Habitualmente estas operaciones, como interesaban a todos, se hacían bien y casi siempre lograban su propósito, que no era otro que cazar a los
depredadores. Cuando finalizaba el ojeo se juntaban los participantes,
comentaban las incidencias de la jornada y se celebraba el buen fin comiendo
escabeche y bacalao acompañando todo con alguna que otra pinta de vino. El
ágape se pagaba con el dinero de quienes adquirían en subasta, hecha allí mismo,
los lobos cazados, para posteriormente
ir de pueblo en pueblo exhibiéndolos y
pediendo recompensa por la cacería.
Historias
de lobos se contaban en las noches de
invierno al amor de la lumbre. (Famosa es la del Gaiterin de Sejas, de la que hemos escrito Miguel Rostán, en Aliste al
trasluz y yo, en
Di tú que he sido) El sitio del relato: la cocina. El tiempo: las frías noches invernales. Sitio y
tiempo inmejorables para que la puesta en escena no tuviera nada que envidiar a
las más truculentas películas de Bela
Lugosi. La cocina iluminada solamente
por la lumbre de la chimenea y la
mortecina luz de un candil. El sonido lo ponía el aire silbando al penetrar por las separadas tablas de la
desvencijada puerta y ululando al salir
por la negra chimenea; en los silencios, el crepitar de las llamas. Y si el
relator sabía manejar estos recursos, que era lo más habitual, a los niños se
le entraba tal miedo en el cuerpo que no había manera de que quisieran in a la
cama.
Esta
es la historia de una de aquellas noches:
Una mujer rica, algo mayor y no muy
agraciada, se casó con un mozo guapo, dicharachero y juerguista, poco amante del trabajo. Como la boyante
situación económica de su mujer le permitía ciertos lujos, llevaba una vida regalada,
acorde al estatus de ella. Se llevaba muy bien con conmilitones, a los que adulaba
con convidadas y deferencias para así tenerlos siempre disponibles y de su
parte. Pasado algún tiempo la convivencia del matrimonio se fue deteriorando, y
ella, sospechosa de las relaciones que su marido tenía, dejó de ser tan generosa
en dar dinero como al principio. No cayó muy bien esto último en el ánimo del
galán, así que empezó a rumiar un plan para, sin renunciar a sus bienes,
deshacerse de la dama. Cambió su trato con ella; se hizo zalamero, mejor amante
y fue ganando su voluntad hasta conseguir que ambos hicieran testamento,
dejando, en caso de fallecimiento, todo lo de uno para el otro.

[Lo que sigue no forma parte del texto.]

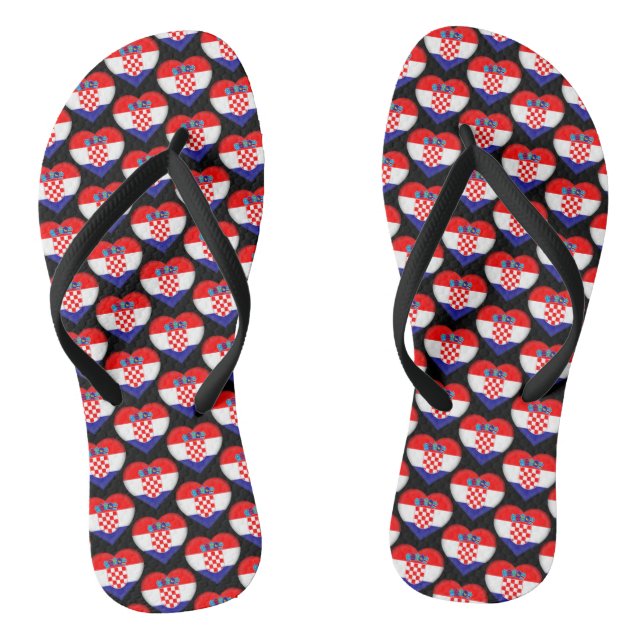 Croatian Flag Colours Hearts Pattern Patriotic Flip Flops (Footbed)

Una de sus mayores aficiones del mozo era
la caza y la practicaba con
frecuencia. Un día en compañía de
algunos de sus más fieles amigos salió al monte. Durante la batida cazó una loba y para poder presumir de la
hazaña en la localidad sin tener que cargar con el bicho, le cortó al cánido la
pata delantera derecha y la echó al
zurrón. Terminada la batida volvieron a la localidad y al sacar del zurrón el
trofeo vieron con tremendo susto y sorpresa que la pata se había convertido en
un brazo de mujer y que los dedos tenían anillos. Todos, siguiéndole, entraron
rápidamente a la vivienda y encontraron en la cama a la esposa del compañero de
caza y, ¡OH sorpresa!, vieron atónitos que a ella le faltaba el brazo derecho y
que los anillos que llevaba la mano cortada eran precisamente los que
habitualmente ella se ponía. Enseguida dieron cuenta de lo sucedido a las
autoridades que examinaron a conciencia el caso y rápidamente llegaron a la
conclusión de que brazo y anillos pertenecían a la señora. Pusieron lo
sucedido en conocimiento de la Inquisición que no tardó en acusarla de licantropía. Condenada a la hoguera, la
sentencia se ejecutó sin dilación.
El primer licántropo fue Lycaón, rey de
Arcadia, a quien Júpiter convirtió en lobo como castigo por darle en una comida
carne humana. Nos lo cuenta Ovidio en el
libro primero de Las Metamorfosis, a partir del verso 236:
“En vellos se vuelven
sus ropas, en patas sus brazos:
Se hace lobo y
conserva las huellas de su vieja forma.
La canicie la misma
es, la misma la violencia de su rostro,
Los mismos ojos
lucen, la misma de la fiereza la imagen es”.
En el siglo XIX hubo un hombre lobo español,
gallego por mas señas: Manuel Blanco Romasanta. Fue muy famoso; de su vida hicieron cantares de ciego, escribieron
novelas e incluso se hicieron películas. Se puede leer su historia en Internet.